Building the Computer Vision model
Our main focus in the project was to design, build and train a computer vision model. For this, we chose to use Tensorflow. Balfour Beatty supplied us a selection of PPE they use. Then we collected our own static images at first to use for training. This initial set of images were labelled with bounding boxes around the three classes of objects: people, hi-visibility jackets and helmets.
Next, we augmented the images by flipping them, cropping, blurring and applying colour adjustments. The aim was to increase the number and vary the quality of training data to simulate demo conditions. This helped to eventually provide a set of a few thousand labelled images. These were used to cross-train a model that was selected for its ability to already recognise people.
Rapid Architecture Setup
We based our AWS Cloud architecture on the Inawisdom Rapid Analytics & Machine-learning Platform (RAMP). RAMP provides a secure and structured analytics working environment very quickly. We mainly used a single SageMaker instance for this project to access the training data from an S3 bucket and develop the model.
The left-hand side of the architecture is an optional extension of RAMP deployed on premises. It shows the ADLINK inference engine and the NVidia-based Neon-i smart camera. This equipment would be installed within an industrial environment in the real world. ADLINK provide the connections between sensors and devices, enabling vision data to flow. Specifically, the solution relies on the ADLINK Edge™ software platform and ADLINK Data River™ technology. The next section covers these components in more detail. Our other component on the AWS side is the model converter, which automatically takes the output from SageMaker and converts it to a run time inference engine that can be deployed. We took a rapid prototyping and iterative approach to model training and optimisation. Our best performing model reached over 90% accuracy of identification of helmets and jackets on trials conducted so far. This video shows pure object detection, note how the boxes expand and contract and occasionally disappear as the helmet is rotated upside down (which is expected). We can also add logic to ensure the helmet is actually worn on the head, not being carried.
Computer Vision at the Edge
Alongside building the model, we worked with ADLINK to deploy to their Edge device for inference on site. The main photo for this blog shows our demo setup in the lab, with the laptop controlling and coordinating the other components. The Neon-i camera can be clearly seen on the left and next to it is the small demo inference engine, the ADLINK Vizi-AI. For interest, a layout of the Vizi-AI is shown in the following close up picture.

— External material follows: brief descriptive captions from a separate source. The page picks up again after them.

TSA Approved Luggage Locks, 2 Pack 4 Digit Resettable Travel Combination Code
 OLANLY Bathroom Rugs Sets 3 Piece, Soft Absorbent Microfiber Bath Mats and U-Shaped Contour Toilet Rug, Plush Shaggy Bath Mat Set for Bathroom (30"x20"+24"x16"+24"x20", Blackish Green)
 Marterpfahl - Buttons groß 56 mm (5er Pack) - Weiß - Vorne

The Vizi-AI was running Intel OpenVINO. This is Intel’s open source computer vision technology. The model converter, mentioned above, reads in the Tensorflow model and creates the artefacts for deployment on to the Vizi-AI module. The Vizi-AI takes the feed from the camera and runs our inference on it to add the bounding boxes and the object detection confidence levels as a percentage value.
Health & Safety of Construction
Health & Safety at work is a top priority for Balfour Beatty and in construction generally. The estimated cost to the UK economy is over a billion pounds (UK Government HSE statistics).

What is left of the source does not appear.